Setback management: handling a sudden or unanticipated check on organizational or institutional behavior that would likely lead to a worse mess unless managed. This often means trying to treat the setback as: a design probe, a test-bed for something better, an interruption from which the organization learns, or an obstacle to overcome so that the organization moves to a new organizational stage.

–Setbacks—unanticipated, unwanted, and often sudden interruptions and checks on moving forward—are fairly common and typically treated as negative in complex policymaking, implementation, and operations.

Less discussed are the positive setbacks. Arguably best known is when a complex organization transitions from one stage of a life cycle to another by overcoming obstacles characteristic of the stage in which the organization finds itself. Moving from start-up and implementation to on-going operations is one such transition.

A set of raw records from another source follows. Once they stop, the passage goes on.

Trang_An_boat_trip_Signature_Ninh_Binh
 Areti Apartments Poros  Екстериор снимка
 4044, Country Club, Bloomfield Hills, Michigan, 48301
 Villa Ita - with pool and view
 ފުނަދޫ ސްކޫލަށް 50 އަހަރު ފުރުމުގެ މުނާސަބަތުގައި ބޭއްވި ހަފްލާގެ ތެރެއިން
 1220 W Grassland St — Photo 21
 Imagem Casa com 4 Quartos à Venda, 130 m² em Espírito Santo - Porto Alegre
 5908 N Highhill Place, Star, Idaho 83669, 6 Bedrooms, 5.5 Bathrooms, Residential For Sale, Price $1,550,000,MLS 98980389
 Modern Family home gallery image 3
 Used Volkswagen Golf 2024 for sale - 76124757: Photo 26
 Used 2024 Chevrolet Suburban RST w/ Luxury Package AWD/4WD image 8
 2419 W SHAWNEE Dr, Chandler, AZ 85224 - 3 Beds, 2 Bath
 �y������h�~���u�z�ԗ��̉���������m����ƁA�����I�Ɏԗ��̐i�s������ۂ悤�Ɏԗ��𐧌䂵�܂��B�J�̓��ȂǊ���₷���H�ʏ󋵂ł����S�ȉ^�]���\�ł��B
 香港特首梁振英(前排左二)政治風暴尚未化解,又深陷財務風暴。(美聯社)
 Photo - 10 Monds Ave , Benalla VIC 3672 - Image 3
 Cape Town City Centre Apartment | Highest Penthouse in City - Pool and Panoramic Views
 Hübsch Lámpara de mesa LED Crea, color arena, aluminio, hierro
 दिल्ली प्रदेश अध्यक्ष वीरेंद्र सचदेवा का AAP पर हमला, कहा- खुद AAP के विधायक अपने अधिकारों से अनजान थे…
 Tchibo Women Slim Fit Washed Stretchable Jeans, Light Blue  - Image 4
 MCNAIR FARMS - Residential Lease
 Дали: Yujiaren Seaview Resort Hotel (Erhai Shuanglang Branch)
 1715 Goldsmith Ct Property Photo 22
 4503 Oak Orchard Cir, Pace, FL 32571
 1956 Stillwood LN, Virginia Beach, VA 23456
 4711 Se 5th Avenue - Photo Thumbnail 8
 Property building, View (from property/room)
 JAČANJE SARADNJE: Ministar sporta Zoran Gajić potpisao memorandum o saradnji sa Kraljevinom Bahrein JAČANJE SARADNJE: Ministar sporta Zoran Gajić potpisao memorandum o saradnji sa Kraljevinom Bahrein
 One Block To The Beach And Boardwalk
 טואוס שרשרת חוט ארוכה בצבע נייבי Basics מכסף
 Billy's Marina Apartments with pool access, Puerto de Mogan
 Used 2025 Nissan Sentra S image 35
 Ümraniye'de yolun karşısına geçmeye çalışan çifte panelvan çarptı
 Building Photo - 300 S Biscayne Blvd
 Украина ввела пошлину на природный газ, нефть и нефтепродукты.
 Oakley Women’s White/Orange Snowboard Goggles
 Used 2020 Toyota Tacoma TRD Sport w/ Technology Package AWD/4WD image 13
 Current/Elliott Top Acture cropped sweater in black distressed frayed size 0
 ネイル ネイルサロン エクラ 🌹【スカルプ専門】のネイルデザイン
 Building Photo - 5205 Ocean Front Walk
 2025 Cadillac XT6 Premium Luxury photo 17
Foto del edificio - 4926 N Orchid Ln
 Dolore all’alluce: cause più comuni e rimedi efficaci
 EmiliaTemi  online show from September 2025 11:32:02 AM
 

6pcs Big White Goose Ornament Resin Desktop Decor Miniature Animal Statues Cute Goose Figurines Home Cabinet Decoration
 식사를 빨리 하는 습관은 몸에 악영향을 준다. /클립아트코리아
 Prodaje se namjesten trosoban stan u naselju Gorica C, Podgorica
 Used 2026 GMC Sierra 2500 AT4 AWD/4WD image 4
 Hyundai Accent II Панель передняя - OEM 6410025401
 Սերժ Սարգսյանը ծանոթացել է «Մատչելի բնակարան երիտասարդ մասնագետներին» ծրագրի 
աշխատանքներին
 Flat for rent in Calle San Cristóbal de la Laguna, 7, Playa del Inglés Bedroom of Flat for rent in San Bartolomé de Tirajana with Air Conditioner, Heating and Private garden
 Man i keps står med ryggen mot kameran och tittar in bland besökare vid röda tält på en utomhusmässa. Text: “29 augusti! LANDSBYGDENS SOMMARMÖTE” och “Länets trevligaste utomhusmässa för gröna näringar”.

Other positive setbacks serve as a test bed for developing better practices, whatever the stage the organization finds itself. Some setbacks are better thought of as design probes for whether that organization is on the “right track,” or if not, what track it could/should be on. In yet other circumstances, setbacks serve to point managers in the direction of things about which they had been unaware but which still matter.

To summarize, setbacks are positive in terms of their degree of importance and of the time horizon over which they are important:

–By way of example, did the 2008 financial crisis served as a timely interruption to remind us how central regulators are to the continuity of the financial and credit systems? Did the crisis end up as a much-needed probe of how well the financial and credit institutions are keeping their sectors on track and under mandate? Was the 2008 crisis a test bed for more resilient or anticipatory strategies in credit lending and investing? Did the crisis in effect served as an obstacle, whose surmounting has been necessary to promote the operational redesign of the financial and credit sectors in more reliable ways?

Note the obviously mixed answers to any such questions do not mean the setbacks are a priori negative.

–I want to suggest that what is often called “the new normal” is much better described as a setback management that embraces the positive setbacks just mentioned.

Setbacks Are Normal; they are going on all the time in critical service provision and have to be operationally worked around and upon. Setback management takes the world seriously when it comes to critical services that we cannot lose in real time.